Short descriptive text snippets:
•••••

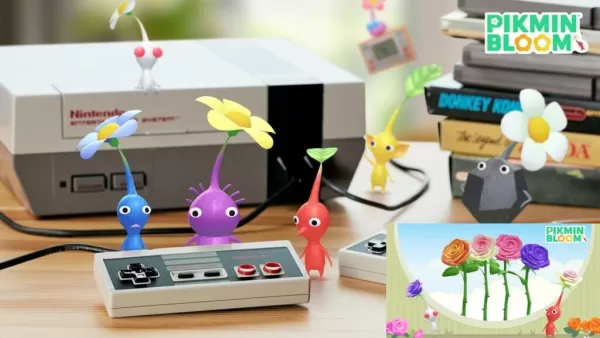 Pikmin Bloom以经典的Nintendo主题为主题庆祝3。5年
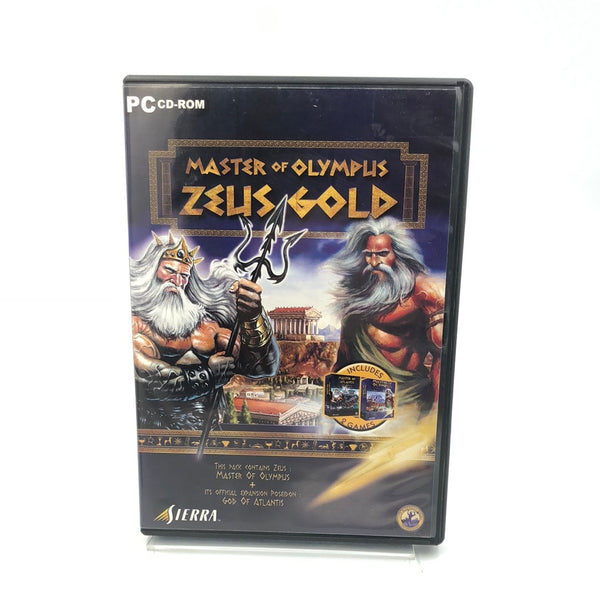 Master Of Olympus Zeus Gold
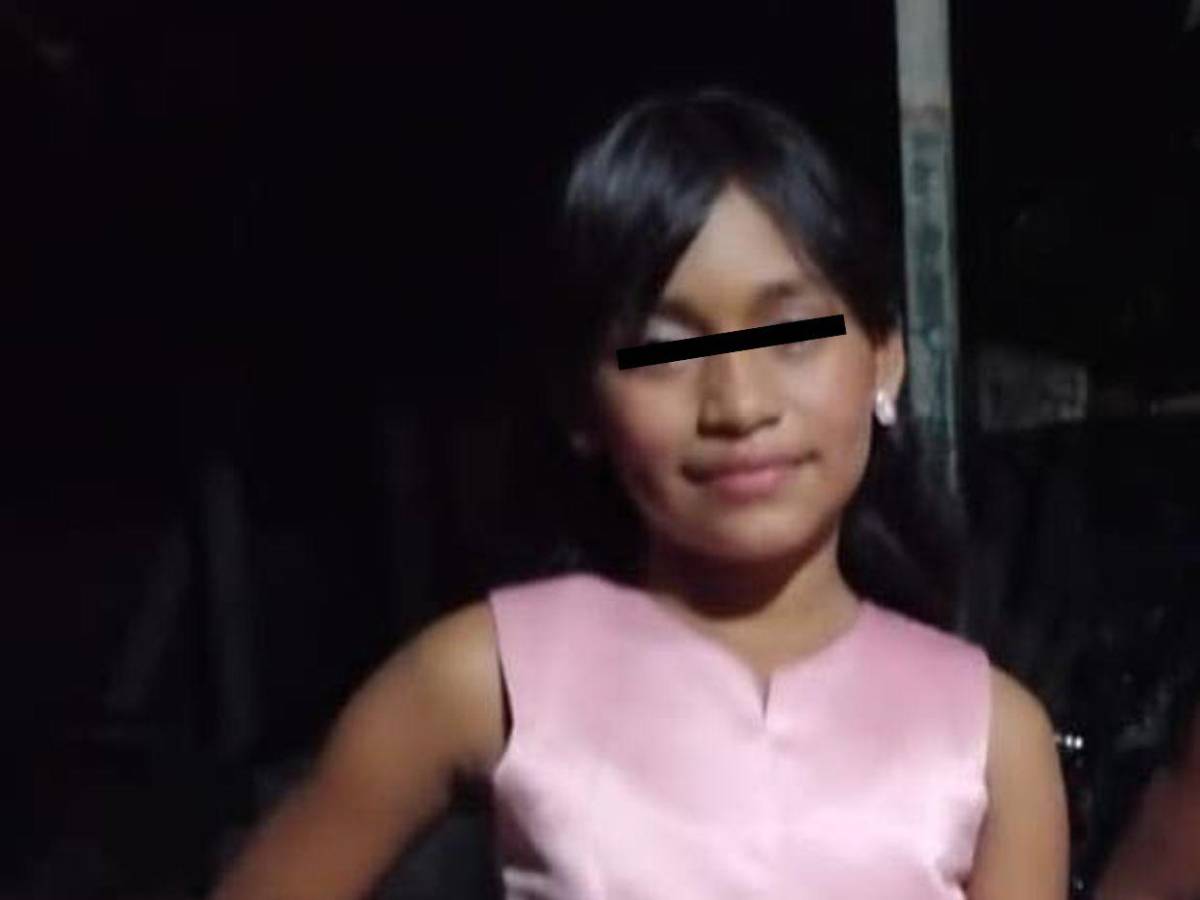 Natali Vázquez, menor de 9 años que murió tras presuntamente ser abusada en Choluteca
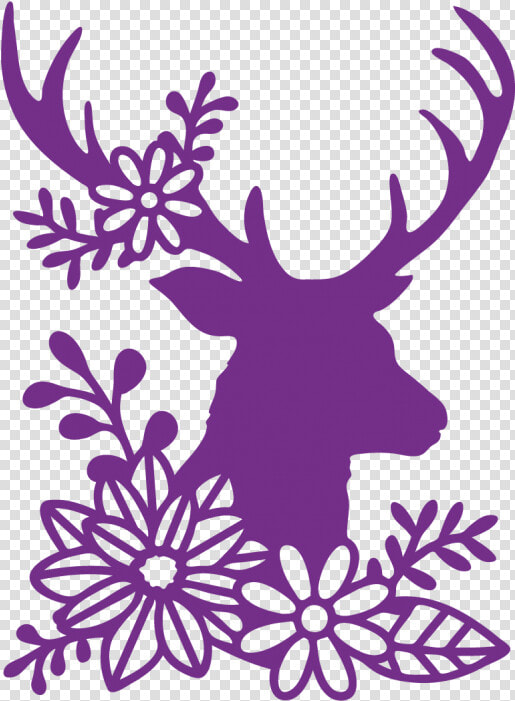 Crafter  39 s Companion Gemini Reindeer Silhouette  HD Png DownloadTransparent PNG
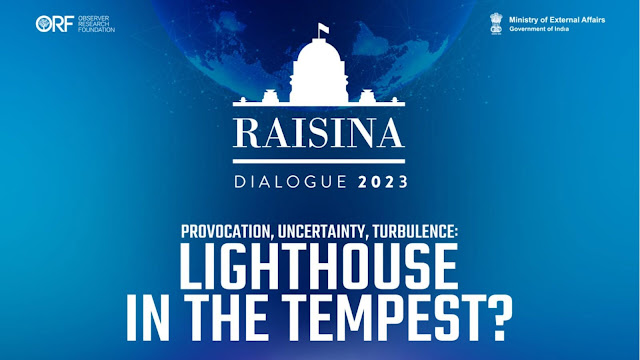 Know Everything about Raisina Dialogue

•••••

What to produce
The data needs to be reproduced exactly, please, apart from its pictures.

Answer to the exercise
 Pikmin Bloom以经典的Nintendo主题为主题庆祝3。5年
 Master Of Olympus Zeus Gold
 Natali Vázquez, menor de 9 años que murió tras presuntamente ser abusada en Choluteca
 Crafter  39 s Companion Gemini Reindeer Silhouette  HD Png DownloadTransparent PNG
 Know Everything about Raisina Dialogue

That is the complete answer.